International Franchise Association President & CEO Robert Cresanti joins Yahoo Finance’s Zack Guzman to discuss why over 100 CEOs are pushing lawmakers for additional COVID-19 relief for small businesses.

Video Transcript

ZACK GUZMAN: Overall, the broader market continues to wait and watch as we see what Republicans and Democrats might do in the latest round of debates over that fourth round of aid. Latest clip, House Speaker Nancy Pelosi telling Fox News earlier today she doesn't think a deal will be reached this week. That was, of course, after we heard the back and forth going on and some progress there with White House Chief of Staff Mark Meadows meeting both with Pelosi as well as Senate Minority Leader Chuck Schumer. Talks will continue today. But we will see what comes out of those.

Of course, the main reason why this is so important, we're waiting as businesses continue to struggle through all this as well. And as we've seen that play out, some rather large names in the business community are coming to small businesses' aid. More than 100 business groups and past and present big name CEOs including Salesforce CEO Marc Benioff and Starbucks founder Howard Schultz, signed a new letter pleading with Congress to come out and pass more aid for small businesses on the brink.

That letter calls for more loans for small businesses that might convert grants and longer-term support, saying, quote, "To survive until a vaccine is widely available, millions of small businesses will require longer-term support from the federal government."

Joining us now for more on that, though, is one of the Hancocks on that letter, that being president and CEO of the International Franchise Association, the world's oldest and largest organization representing the franchising industry, Robert Cresanti. Welcome to the program. And of course, you represent three big name brands with franchises. We're talking Mariott, Subway, Orangetheory, Dunkin'. Many of the constituents already got PPP funding. But that hasn't really been fully tapped out yet. So what are you hearing from the people you represent about why more aid is so urgent right now?
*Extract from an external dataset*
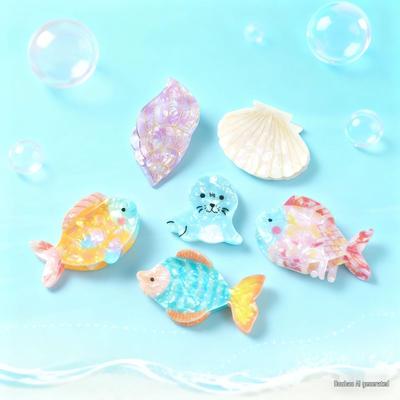 Ocean-Themed Seashell Acrylic Claw Clip: Cute Conch Design for Half-Up Hairstyles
ROBERT CRESANTI: Thanks, Zack. It's wonderful to be with you today. Yeah, I think I want to clear up just the sort of the mass confusion because most of these franchise brands are owned by individuals, mom and pops, you know, in small towns, a very high percentage owned by racial minorities. And so these are the businesses that have been actively seeking assistance from the government.
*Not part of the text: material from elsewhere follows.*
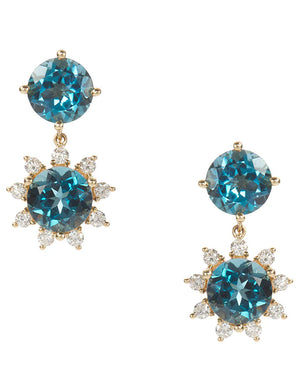 Blue Topaz Star Earrings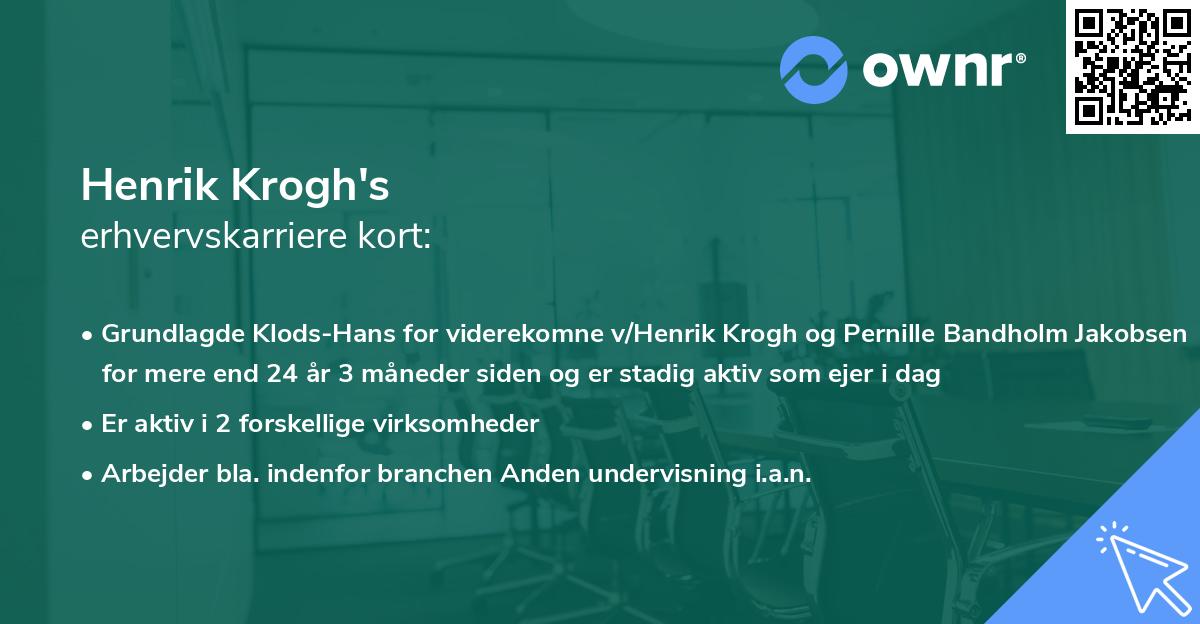 Henrik Krogh's erhvervskarriere kort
96% of the franchise businesses we polled have applied for and received PPP lending. So it was a very good thing the government did, putting politics aside early on and cooperating, neither side forcing their way into the process and wanting to win. And so we're now at a spot where the crisis is-- the wolf is, so to speak, at the door again for these small businesses.

And I think it goes without saying that if you're out there, you know that your hairstylist, you know, the folks that have your dog service or other personal service providers around the country, you know, children, you know, places that educate small children, they've been closed. They're looking for help from the government to keep their employees active and back at the jobs.
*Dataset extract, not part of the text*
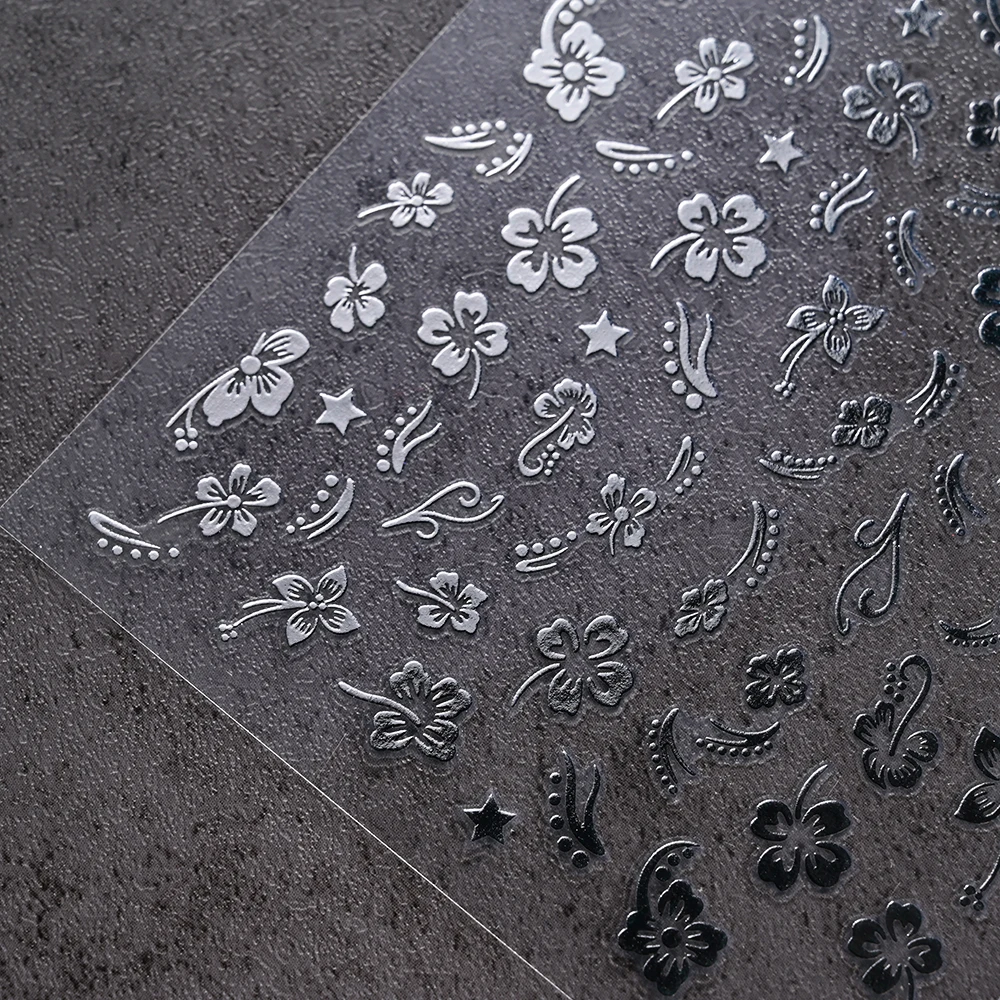 2/1 stuks 3D wit/paars-rood hibiscus bloemen nagelstickers zomer roze bloemblaadjes/bloemen zelfklevende stickers elegante nail art decor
ZACK GUZMAN: Yeah. I mean, the letter here that was penned by you, signed by you here, and signed by others, I mean, kind of limited in what it was asking for, focusing on loan forgiveness for the smallest and hardest-hit businesses out there, saying, public companies shouldn't get that aid. That was a problem that plagued the PPP program early on. We've kind of seen that roll off.

But it does seem tricky when we think about this. This is a discussion we've had on the show. To your point, I mean, we talk about some of these big name brands, even though they're owned by those local entities, of course, they work with the big companies here at a Dunkin' or a Marriott, some companies that have been involved in share buybacks. So why shouldn't they have built up reserves here to save these franchises themselves?

I understand wanting to save jobs now. But does it not incentivize maybe not preparing for something like this in the future?

ROBERT CRESANTI: That's a great question. So the answer lies in the fact that each one of those small mom and pops own their own business. And the company is not allowed, by law, to help engage with them. They would be joint employers if they did that. And so the businesses don't do that that. Each of these guys run on their own cash flow.

They have to qualify financially to be able to open up these businesses. And many of them are suffering just like every other small business that's out there. The franchise businesses are no different. And none of the major brands that are members of IFA have taken any PPP lending money. And I think that's the whole point of the letter is that without the little guys, there are no big guys.

And so these big CEOs that have gotten together understand that this ecosystem has to be preserved if you want people to come and have jobs. And right now, we're seeing that we have about 100,000 small businesses in the franchise space that have lost between 25% and 50% of their revenue, which doesn't sound like all that much. But when your profit margins are very narrow, which they are in these small businesses, it just destroys you. The landlords still want their rent. The utilities companies still want their utilities. The refrigerators still have to be stocked and restocked.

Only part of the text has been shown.